Unexpected Server Load Issue

Today I ran into an interesting server problem. We recently had a huge traffic spike and the servers didn't respond the way we thought they would. We thought part of the issue could be a cold Amazon ELB, but that didn't explain the load spike on the servers behind the ELB. We also looked around a bit and while the resources on the machine were elevated, none of them were at critical levels. Memory usage remained a fairly flat 40% and CPU was under 25%.

Eventually, our poking around the server revealed that the current fcgid process count, 4, was far below our expected process count of 20. We use apache 2.2 along with mod_fcgid to serve our perl-based site. We had both DefaultMinClassProcessCount and DefaultMaxClassProcessCount set to 20. I had two questions. First, was the process count low during the spike and second, what could be resetting the processes?

The first question was fairly simple to answer. We use New Relic to monitor the servers. Using the "Processes" tab of the server and selecting the "perl (www-data)" process, I was able to see the process count during the past 24 hours. It turns out that we were running at 4 processes before the spike and, over the next hour, it finally climbed to 20. I also noticed that it reduced in count this morning.

Some further research on the meaning of DefaultMinClassProcessCount also cleared up some confusion. The setting represents the minimum number of processes the server should reduce to when processes are idle. If we never serve enough requests to require more than a few processes, the process count will be low.

We were able to test this by using apache benchmark to make a bunch of concurrent requests to the server.

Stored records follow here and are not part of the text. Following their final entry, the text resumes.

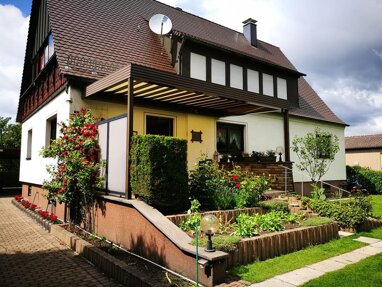 Einfamilienhaus zum Kauf 698.000 € 8 Zimmer 160 m² 746 m² Grundstück Altenfurt - Moorenbrunn Nürnberg 90475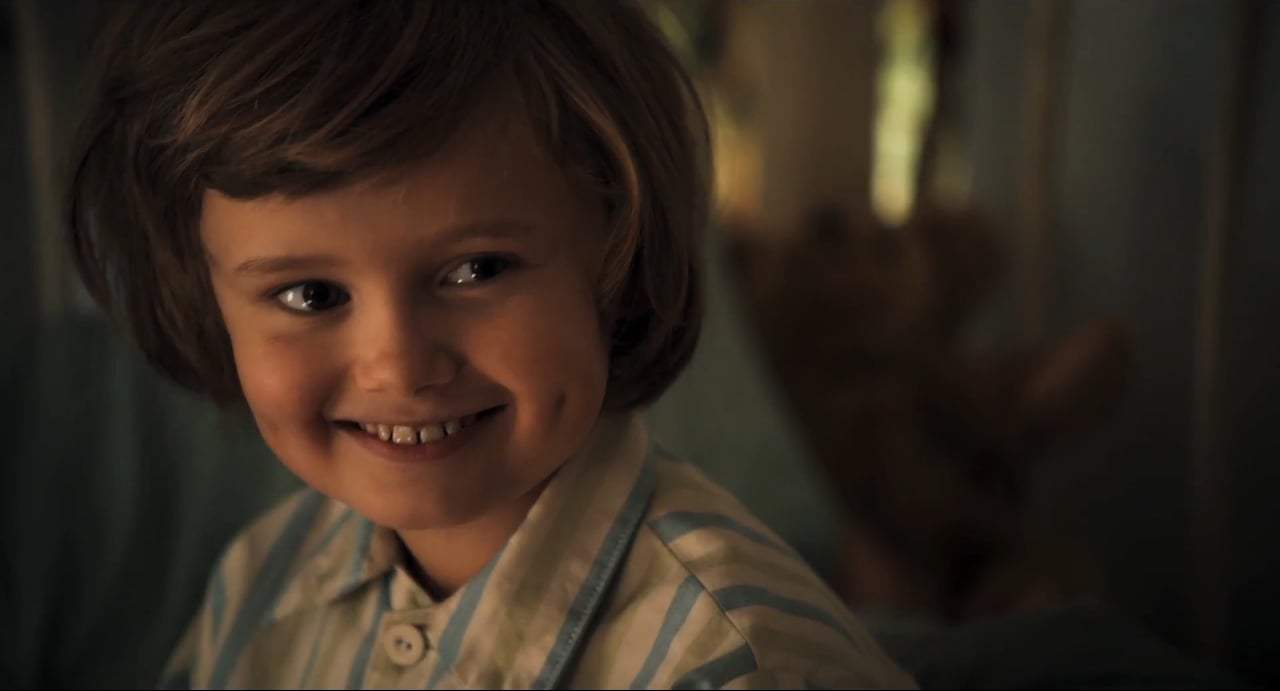 Goodbye Christopher Robin (2017) - Golden Gown Screen Capture #4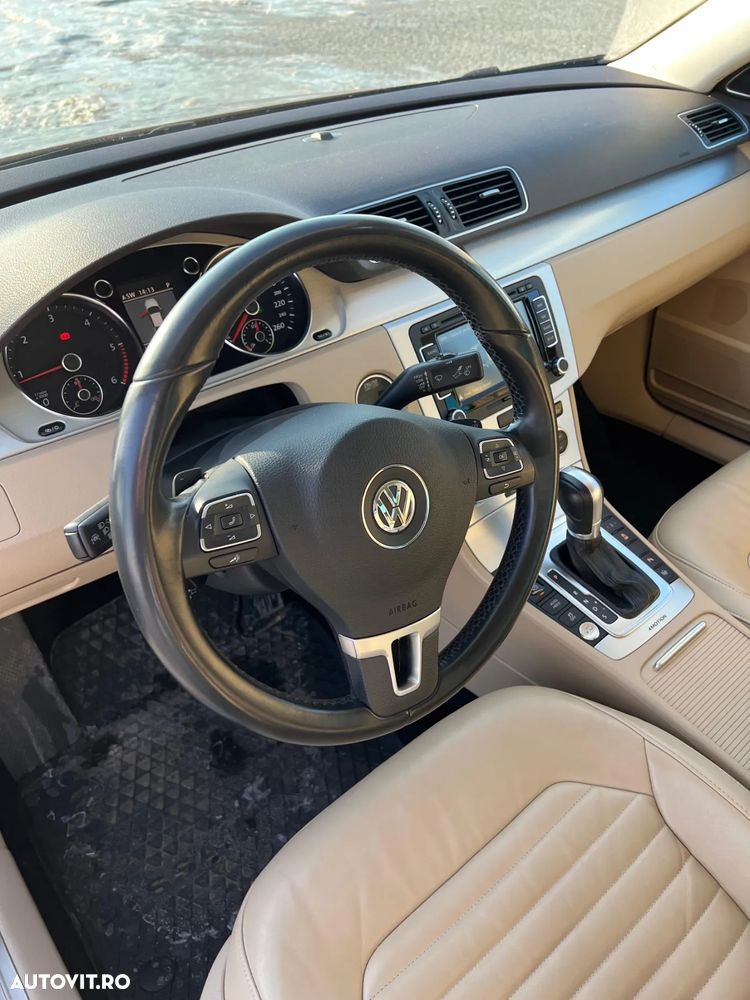 Volkswagen Passat 2.0 TDI 4Motion DSG BlueMotion Tech Comfortline - 16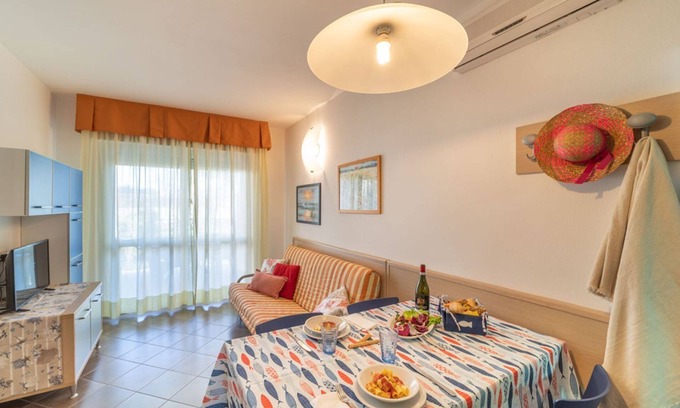 Bibione Pineda Apartamento | Hermosa casa de vacaciones con espacio exterior privado.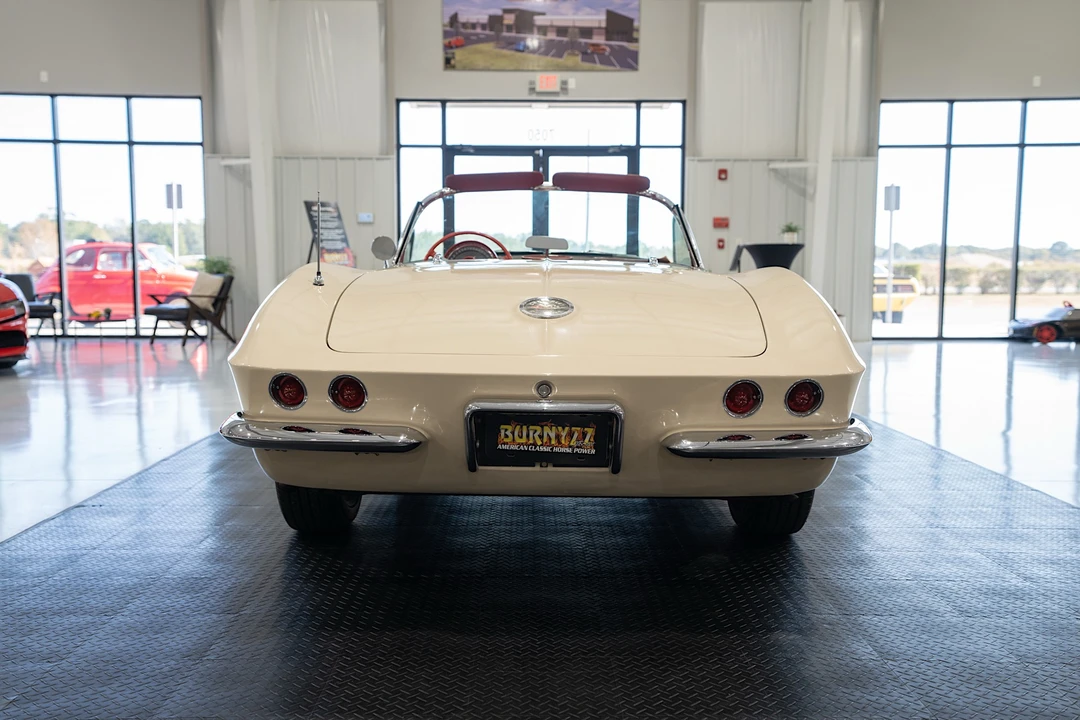 1962 Chevrolet Corvette C1 - Image 9 of 31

/usr/sbin/ab -n 1000 -c 20 > /dev/null 2>&1

As expected, the number of processes grew to about 19 or 20 and stayed there after apache benchmark finished running. Yay!

I also noticed that the time it shrunk was around the time logrotate works. This helped me form my hypothesis: Logrotate was resetting the process count each day and our normal traffic wasn't large enough to use the full 20 processes. We forced a logrotate to see.

logrotate -f /etc/logrotate.d/apache2

The number of processes went down on the server. Proof of concept!

Then we decided to add the ab call as part of the postrotate directive in logrotate. So it now looked like this:

if [ -f "`. /etc/apache2/envvars ; echo ${APACHE_PID_FILE:-/var/run/apache2.pid}`" ]; then
  /etc/init.d/apache2 reload > /dev/null 2>&1
  /usr/sbin/ab -H "Host:URL" -n 1000 -c 20 > /dev/null 2>&1

After the logrotate, the processes were all there as expected.

What I think may have happened is that the servers were swamped with the sudden influx of traffic. At least two of the servers were removed from the ELB during this time period, which would have increased load on the remaining servers, causing a cascade. The work around would be to run enough traffic to the servers after an apache start/restart/reload to ensure that the number of processes we expect are there. We're not convinced that adding this directive to logrotate is the best way to handle it, and I think it might make more sense to add the spawn to apache2 init.d instead of the logrotate so it will do this regardless of why apache restarts, but it's progress.